- What is required -
Pull out every line from the line containing "KrambergIT Dokumente" through the end of the material, both ends included, and reproduce it exactly. Keep pictures out.

- Data in this exercise -

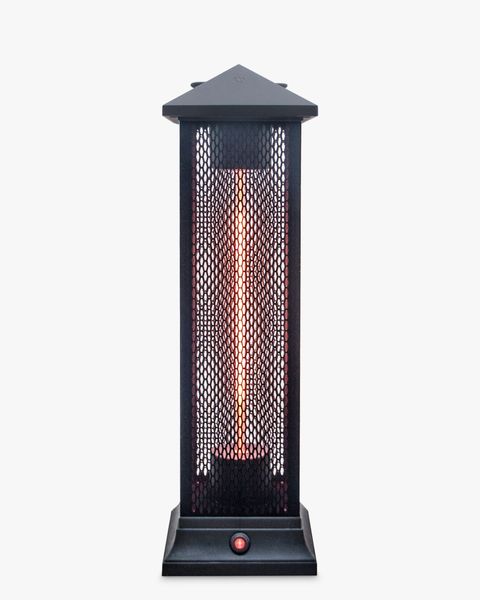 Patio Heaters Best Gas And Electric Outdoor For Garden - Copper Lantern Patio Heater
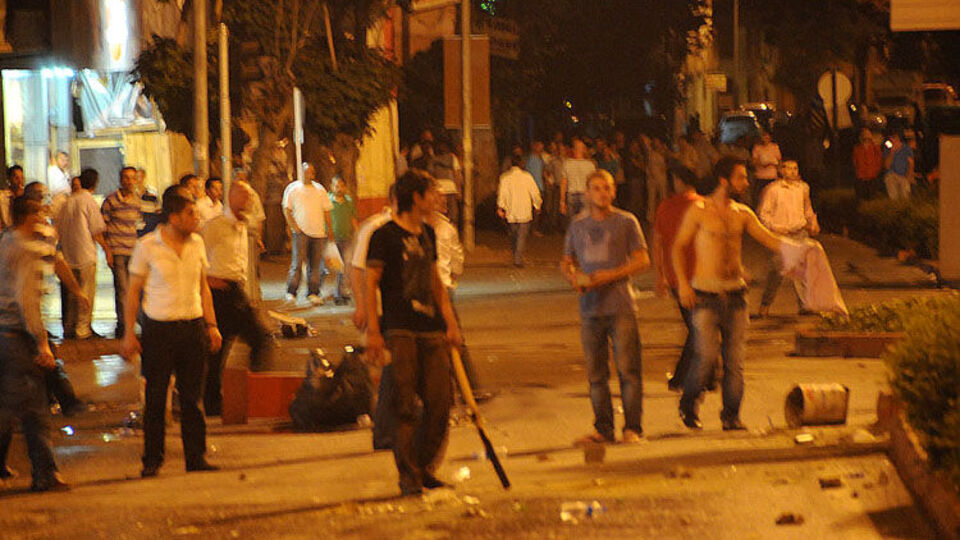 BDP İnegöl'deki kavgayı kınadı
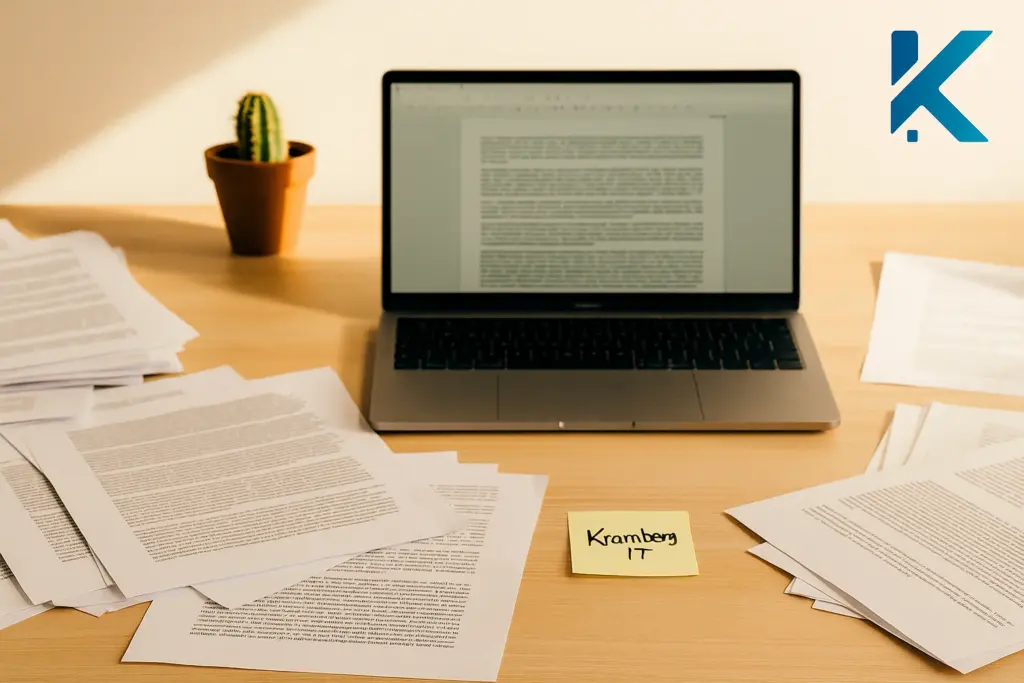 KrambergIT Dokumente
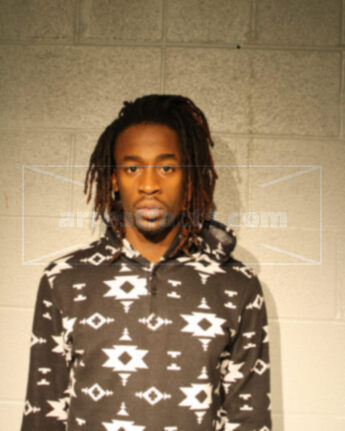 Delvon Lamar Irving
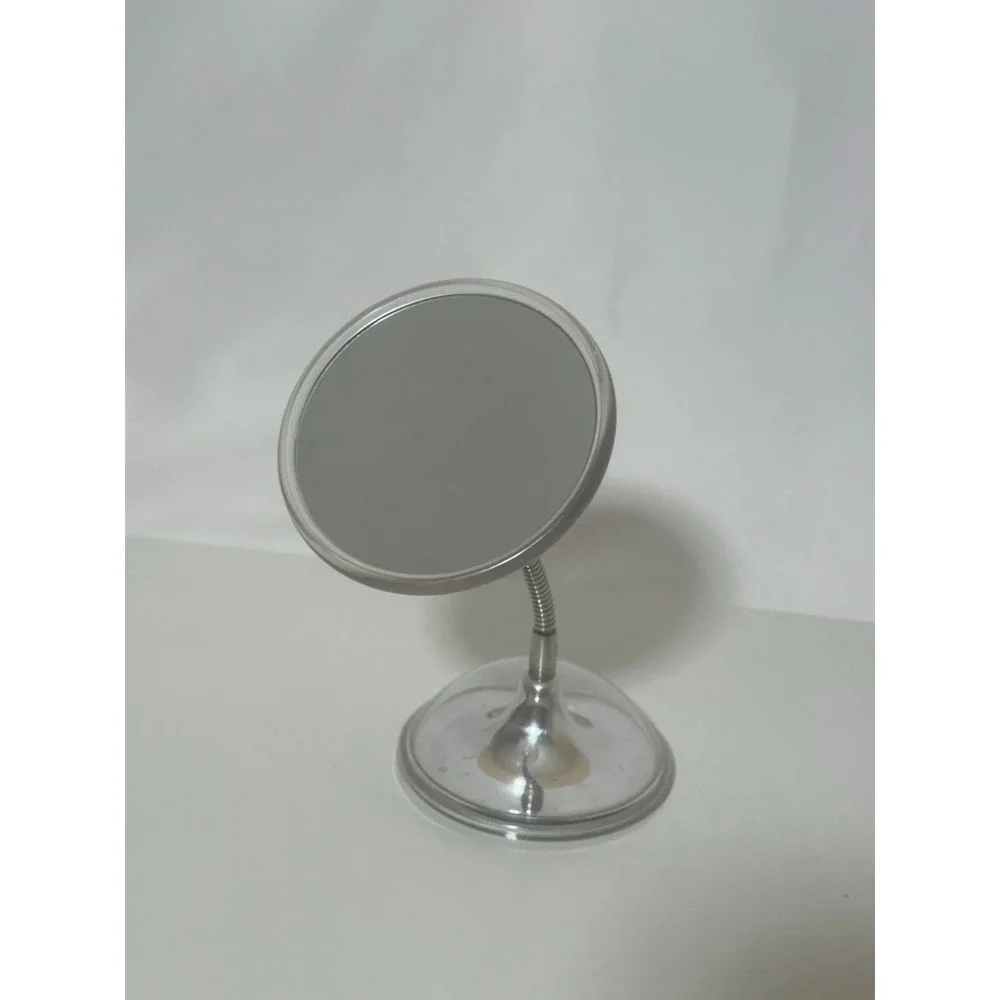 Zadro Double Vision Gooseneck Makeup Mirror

- Solution to the problem -
 KrambergIT Dokumente
 Delvon Lamar Irving
 Zadro Double Vision Gooseneck Makeup Mirror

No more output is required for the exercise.